How important is the interaction with the listeners to Sparrows? Do you feel like you are a part of something?
-That’s an interesting question. I feel that our music says enough about what we are and who we are that people understand us personally from listening to it. I don’t know if I would say we are part of something that will change lives at this point, though. I think people enjoy our music and that is great. We haven’t quite hit our stride yet, but we will soon. Every record we have done seems to go by easier and be better than the last. The number of listeners has grown with each release. We put out a demo, so to speak, called the Lightmass EP in 2010. That was our first release.
We had a small group of people that listened and came to shows. Then the Abandon The Cross EP which was the first to really start exploring Satanic lyrics and black metal elements in the music. The group of listeners started to grow a bit. Then we released Rivals of Christ which was a collection of songs from the first 2 EPs and 4 new songs. That’s when we could notice that we were moving forward. Now our new album Mark of the Beast: Indoctrination is actually the first album we have charged money for. People have been buying it, and we are getting some good media exposure, so the group of listeners is bigger thaen ever.

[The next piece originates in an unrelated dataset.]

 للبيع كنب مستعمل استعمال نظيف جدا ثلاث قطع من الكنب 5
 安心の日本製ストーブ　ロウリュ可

How important is it to release albums on a label these days? How much can you do the same thing and not lose out on it?
-I think with the internet and all, the opportunity to get your music to the world is at everyone’s fingertips. You can record, mix, master, upload, and sell your music from the same computer. Hell, I could record a song, mix it, master it, and sell it online all in the same day. However, this is all so time consuming and when your project starts to get bigger and bigger, it is very difficult to manage all of these different things. I feel that the more business I have to do for Sparrows, the more I just want to play drums. So a label is still important. We released the new record on Vile Amusement Records. It’s a tiny label that is run by our friend, but we still do a ton of the work for it. We are working on expanding Vile Amusement and making it a legit label. But Sparrows is the main focus for all of us right now.

What kind of sound do you look for when you record? Do you have a pre-planned agenda whne you enter a studio?
-Since I do all the recording, mixing and mastering, the sound I find myself going for on our recordings is the sound of the band from behind my drumkit. I can hear everyone very clearly, and that is where the band sounds the best. We set the room up so everything is pointed to the corner where I’m at. When I’m in front of the computer mixing our records, I am going for that sound. Of course, the mix is meant to sound a little more larger than life than just the sound of us jamming, but I have that in my head while I’m working on the record. As I progress as a producer, I feel I have a little more control over where I take the mix. When I first started, I felt like the mix was controlling me. I was a slave to Pro Tools and was just hoping that my mix would come out well haha. Now I can dictate where the mix goes. On the new record, there are some parts where the guitar tone turns very lo fi. This tone was influenced by Darkthrone and Burzum records. Adding that to the usually thick mix made things pretty interesting. We will definitely be exploring that on the other instruments as well. Mixing different tones with the main tones.

What would the future look like in an ideal world?
-I would like to see the planet get completely eradicated by nuclear missiles. Maybe we will survive. Maybe we won’t.